**TASK DESCRIPTION**
Please give the listing again in full, leaving out its images.

** RAW DATA follows **

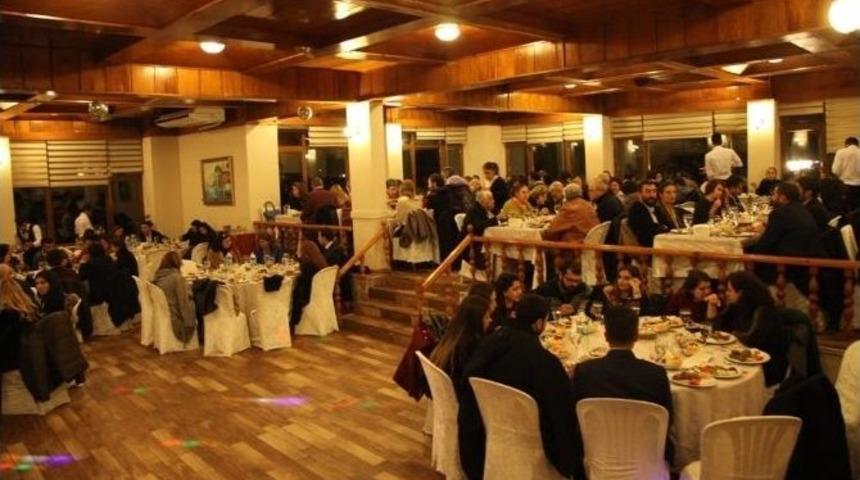 Hukuk&ccedil;ular Kartal&rsquo;da Dayanışma Yemeğinde Bir Araya Geldi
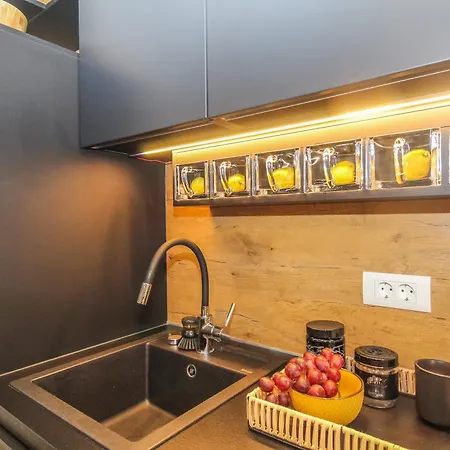 Arena With Free Private Parking פולה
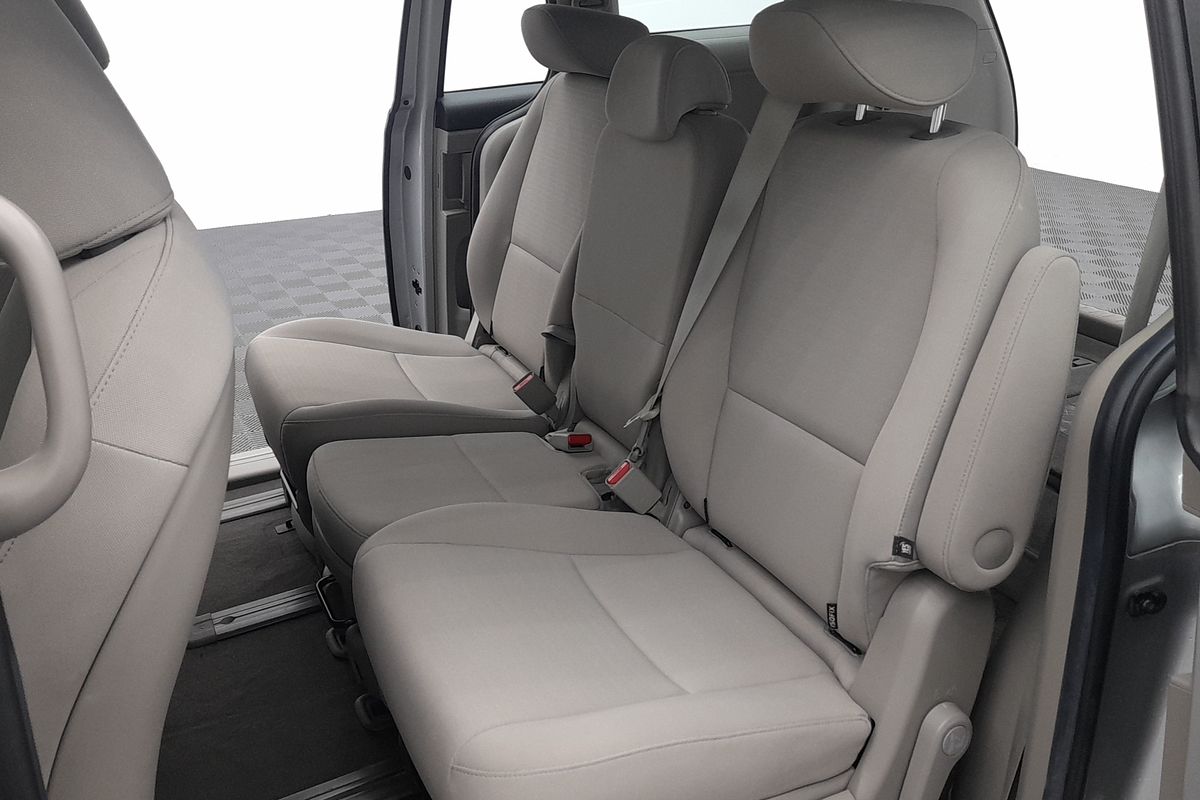 2020 Kia Carnival S YP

** End of RAW DATA **

**WORKED SOLUTION**
 Hukuk&ccedil;ular Kartal&rsquo;da Dayanışma Yemeğinde Bir Araya Geldi
 Arena With Free Private Parking פולה
 2020 Kia Carnival S YP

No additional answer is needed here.